Semantic clustering of images

Semantic clustering of images with a convolutional neural network

Recent studies in the field of computer vision have shown the abilities of deep convolutional neural networks to learn high level image representation. These representations have reach semantic and can be very handy in various visual tasks. One of such task that can make use of high level features is semantic clusterization. Let’s find some pictures in Google Web Search, feed them to CNN and apply k-means to the extracted feautures and take the biggest clusters, here is what I got for different queries :

Query “extreme”: extreme

On the left is the query result and on the right - some groups of images.

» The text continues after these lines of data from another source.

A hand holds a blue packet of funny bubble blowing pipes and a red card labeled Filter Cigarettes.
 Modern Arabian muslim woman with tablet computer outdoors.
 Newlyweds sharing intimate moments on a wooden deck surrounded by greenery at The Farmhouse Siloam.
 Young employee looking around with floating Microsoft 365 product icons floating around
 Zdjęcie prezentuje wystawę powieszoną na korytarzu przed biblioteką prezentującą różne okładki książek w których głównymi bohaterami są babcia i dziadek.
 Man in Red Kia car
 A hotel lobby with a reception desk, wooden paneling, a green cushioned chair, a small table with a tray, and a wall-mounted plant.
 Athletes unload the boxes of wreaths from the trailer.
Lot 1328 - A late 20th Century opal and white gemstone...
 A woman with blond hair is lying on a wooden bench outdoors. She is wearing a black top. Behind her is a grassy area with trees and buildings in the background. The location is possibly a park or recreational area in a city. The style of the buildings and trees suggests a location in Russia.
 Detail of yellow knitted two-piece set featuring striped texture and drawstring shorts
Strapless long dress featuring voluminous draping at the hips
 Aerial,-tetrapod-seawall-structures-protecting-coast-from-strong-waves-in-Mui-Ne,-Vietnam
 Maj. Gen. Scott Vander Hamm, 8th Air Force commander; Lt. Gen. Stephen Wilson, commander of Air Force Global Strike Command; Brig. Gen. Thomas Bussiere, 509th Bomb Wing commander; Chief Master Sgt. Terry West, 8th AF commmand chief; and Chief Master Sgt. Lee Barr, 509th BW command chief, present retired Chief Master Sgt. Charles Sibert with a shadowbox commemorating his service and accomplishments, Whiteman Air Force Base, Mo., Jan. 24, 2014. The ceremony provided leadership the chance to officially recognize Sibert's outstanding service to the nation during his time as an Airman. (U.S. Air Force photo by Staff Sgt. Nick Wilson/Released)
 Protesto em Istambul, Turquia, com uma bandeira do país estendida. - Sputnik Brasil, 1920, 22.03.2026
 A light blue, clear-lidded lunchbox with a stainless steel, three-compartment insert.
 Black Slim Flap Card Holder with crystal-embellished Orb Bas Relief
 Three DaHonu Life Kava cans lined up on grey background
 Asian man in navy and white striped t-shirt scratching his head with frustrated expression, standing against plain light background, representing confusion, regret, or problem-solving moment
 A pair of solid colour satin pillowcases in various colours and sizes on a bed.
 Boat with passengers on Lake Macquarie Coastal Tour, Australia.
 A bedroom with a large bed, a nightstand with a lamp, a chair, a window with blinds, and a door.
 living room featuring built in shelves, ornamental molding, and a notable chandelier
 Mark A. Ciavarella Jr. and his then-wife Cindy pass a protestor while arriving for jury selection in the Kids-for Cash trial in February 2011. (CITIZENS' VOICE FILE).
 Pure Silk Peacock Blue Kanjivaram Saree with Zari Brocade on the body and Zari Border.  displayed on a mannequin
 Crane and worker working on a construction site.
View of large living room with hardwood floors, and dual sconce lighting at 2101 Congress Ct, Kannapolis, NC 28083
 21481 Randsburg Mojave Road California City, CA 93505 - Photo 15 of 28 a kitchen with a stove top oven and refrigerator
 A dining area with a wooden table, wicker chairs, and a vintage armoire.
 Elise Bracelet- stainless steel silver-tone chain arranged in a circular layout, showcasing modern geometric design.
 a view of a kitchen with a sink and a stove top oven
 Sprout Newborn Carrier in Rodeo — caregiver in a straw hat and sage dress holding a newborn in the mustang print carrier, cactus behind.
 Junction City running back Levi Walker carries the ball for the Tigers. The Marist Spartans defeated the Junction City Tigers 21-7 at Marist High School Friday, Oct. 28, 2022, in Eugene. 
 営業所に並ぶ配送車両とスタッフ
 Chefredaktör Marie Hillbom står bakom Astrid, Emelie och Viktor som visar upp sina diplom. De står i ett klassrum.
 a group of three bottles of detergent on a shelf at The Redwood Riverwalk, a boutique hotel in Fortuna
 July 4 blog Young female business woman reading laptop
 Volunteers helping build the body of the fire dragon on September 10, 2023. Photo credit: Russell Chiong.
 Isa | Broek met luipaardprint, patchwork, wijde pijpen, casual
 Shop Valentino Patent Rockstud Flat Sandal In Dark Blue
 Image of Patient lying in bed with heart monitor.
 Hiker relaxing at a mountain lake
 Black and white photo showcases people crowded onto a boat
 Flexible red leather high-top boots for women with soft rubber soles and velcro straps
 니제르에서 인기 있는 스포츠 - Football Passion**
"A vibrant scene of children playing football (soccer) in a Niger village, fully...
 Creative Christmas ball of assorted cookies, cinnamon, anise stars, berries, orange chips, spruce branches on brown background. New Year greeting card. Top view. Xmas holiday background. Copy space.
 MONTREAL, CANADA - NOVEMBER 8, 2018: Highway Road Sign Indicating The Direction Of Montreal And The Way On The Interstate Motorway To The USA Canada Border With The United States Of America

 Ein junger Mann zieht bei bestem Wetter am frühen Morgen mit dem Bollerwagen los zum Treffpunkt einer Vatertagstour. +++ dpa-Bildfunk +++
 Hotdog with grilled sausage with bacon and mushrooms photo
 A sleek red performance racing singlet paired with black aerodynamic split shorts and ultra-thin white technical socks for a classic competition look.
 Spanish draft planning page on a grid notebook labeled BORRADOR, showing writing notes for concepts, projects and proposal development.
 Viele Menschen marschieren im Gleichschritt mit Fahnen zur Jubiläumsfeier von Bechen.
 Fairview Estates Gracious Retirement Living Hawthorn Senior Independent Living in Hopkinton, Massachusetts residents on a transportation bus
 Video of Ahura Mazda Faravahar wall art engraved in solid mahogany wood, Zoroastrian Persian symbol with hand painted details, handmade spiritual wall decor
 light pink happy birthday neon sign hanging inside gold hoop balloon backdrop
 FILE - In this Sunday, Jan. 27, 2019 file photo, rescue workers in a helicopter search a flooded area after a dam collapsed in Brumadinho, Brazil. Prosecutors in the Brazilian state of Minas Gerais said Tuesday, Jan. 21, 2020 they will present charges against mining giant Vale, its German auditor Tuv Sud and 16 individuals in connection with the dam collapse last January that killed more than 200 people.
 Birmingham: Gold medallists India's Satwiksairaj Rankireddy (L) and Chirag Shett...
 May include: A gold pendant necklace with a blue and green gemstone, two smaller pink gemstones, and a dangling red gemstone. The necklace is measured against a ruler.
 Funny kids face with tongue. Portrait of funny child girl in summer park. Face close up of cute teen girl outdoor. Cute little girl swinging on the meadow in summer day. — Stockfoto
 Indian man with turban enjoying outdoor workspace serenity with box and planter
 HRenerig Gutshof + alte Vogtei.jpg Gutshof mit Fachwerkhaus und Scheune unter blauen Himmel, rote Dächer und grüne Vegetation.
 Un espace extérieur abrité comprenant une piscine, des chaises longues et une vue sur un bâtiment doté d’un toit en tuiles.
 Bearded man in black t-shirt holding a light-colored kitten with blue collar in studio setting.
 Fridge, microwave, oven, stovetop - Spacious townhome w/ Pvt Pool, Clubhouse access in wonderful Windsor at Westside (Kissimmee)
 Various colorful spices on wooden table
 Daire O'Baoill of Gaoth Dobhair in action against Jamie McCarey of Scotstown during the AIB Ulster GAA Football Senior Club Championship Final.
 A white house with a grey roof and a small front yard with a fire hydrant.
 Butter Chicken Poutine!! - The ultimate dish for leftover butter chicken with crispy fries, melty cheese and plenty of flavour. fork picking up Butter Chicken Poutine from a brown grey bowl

It’s clear that pictures in the same group are closer in semantic than images across. Here we got two clusters, first for the American rock band and the second for some extreme activity.

Query “destruction”:

distruction

Now we have three clusters and arguably three slightly different meanings: an explosion, destroyed buildings and a forest fire. Let’s try a query that for sure should show images with different semantic.

Query “apple”:

apple

As you might guess Google will return results containing some Apple products andd we can automatically move images with different meaning to their semantic group by applying clustering algorithm on CNN codes. Having multiple images in top-k biggest clusters we can pull out centroids and use them as different representation of the same concept. Let’s do this for our examples:

centroids

Here centroids of the “distruction” clusters can be thought as different representations of a destruction. There are many other applications, for example, semantic clusters can help to find the most popular meaning for some text term. We can also apply clustering to filter duplicates as they tend to fall into the same group, in this case we need to select images from different groups.

So coming to conclusion, deep convolutional neural networks can produce very good abstractions that can be further used in many visual recognition tasks that hardly be possible without them.